__TRY IT__: Give the listing below again exactly, but without any of its pictures.

__INPUT FOR THIS TASK__:
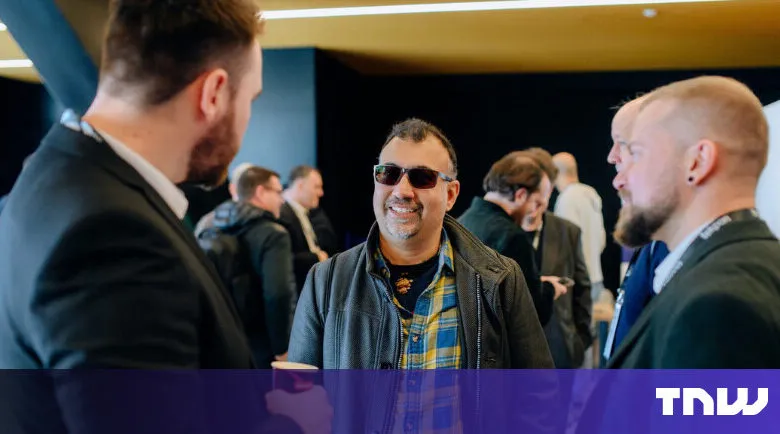 Attendees networking at a tech conference, smiling and engaged.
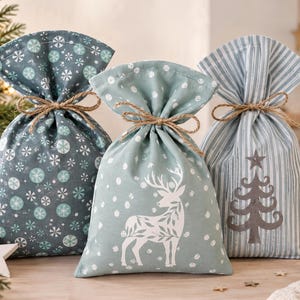 Könnte beinhalten: Drei Stoffgeschenktüten, die mit Bindfaden verschlossen sind. Die linke Tüte ist dunkelgrau mit hellblauen Schneeflocken. Die mittlere Tüte ist hellgrün mit einem weißen Hirsch und Schneepunkten. Die rechte Tüte hat graue Streifen und einen Baum.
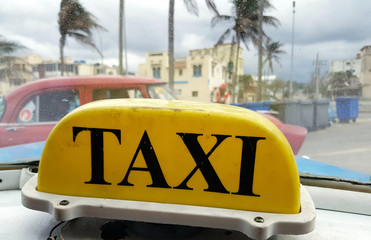 Yellow taxi sign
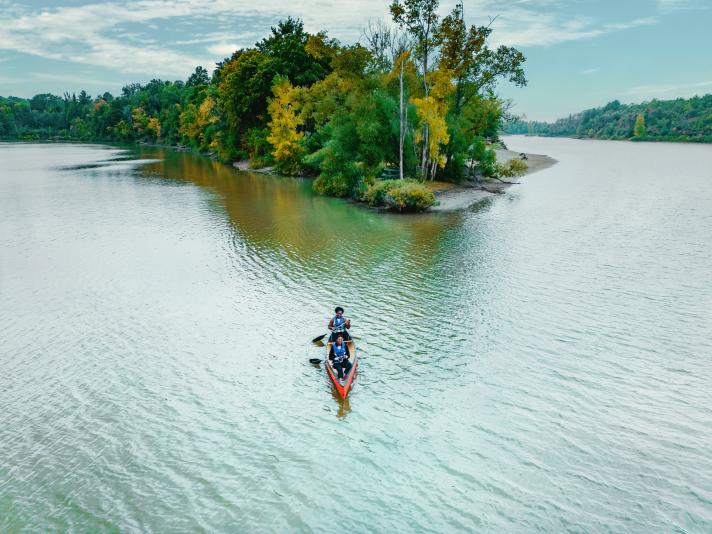 Two women paddling in canoe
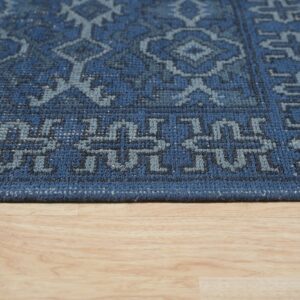 Close-up of a textured dark blue rug with light blue geometric patterns on wood flooring.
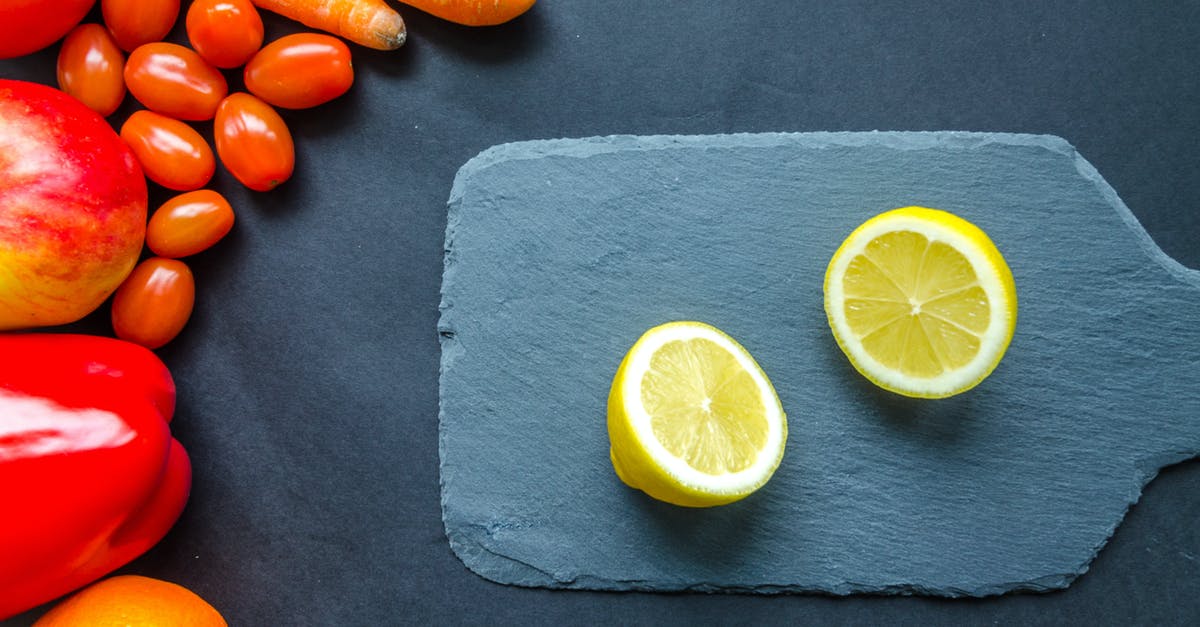 How to store cut fruits & vegetables for days? - Sliced Lemon on Blue Chopping Board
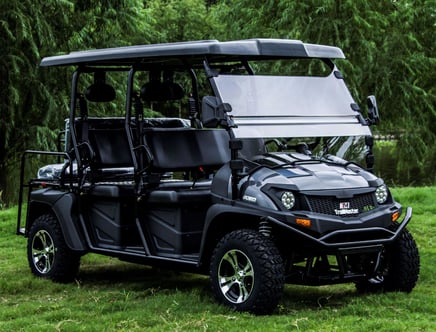 A black TrailMaster 800 electric utility vehicle with an open roof and two bench seats, parked on a grassy area surrounded by trees.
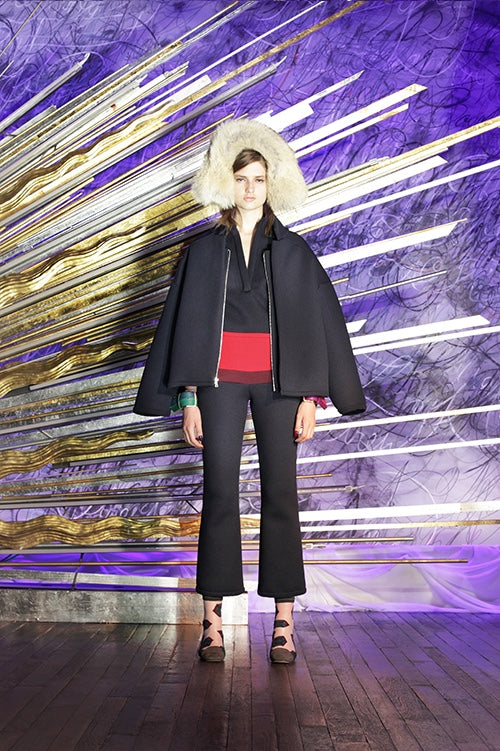 Cynthia Rowley Fall 2014 look 7 featuring a black v neck top with red stripe at the bottom with a black coat hanging and black ankle length pants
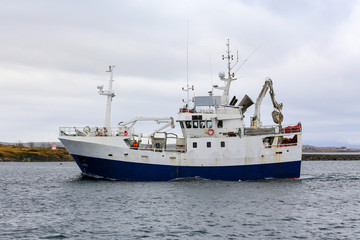 Fishing boat through Br&oslash;nn&oslash;ysundet, Nordland county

__OUTPUT FOR THIS EXERCISE__:
 Attendees networking at a tech conference, smiling and engaged.
 Könnte beinhalten: Drei Stoffgeschenktüten, die mit Bindfaden verschlossen sind. Die linke Tüte ist dunkelgrau mit hellblauen Schneeflocken. Die mittlere Tüte ist hellgrün mit einem weißen Hirsch und Schneepunkten. Die rechte Tüte hat graue Streifen und einen Baum.
 Yellow taxi sign
 Two women paddling in canoe
 Close-up of a textured dark blue rug with light blue geometric patterns on wood flooring.
 How to store cut fruits & vegetables for days? - Sliced Lemon on Blue Chopping Board
 A black TrailMaster 800 electric utility vehicle with an open roof and two bench seats, parked on a grassy area surrounded by trees.
 Cynthia Rowley Fall 2014 look 7 featuring a black v neck top with red stripe at the bottom with a black coat hanging and black ankle length pants
 Fishing boat through Br&oslash;nn&oslash;ysundet, Nordland county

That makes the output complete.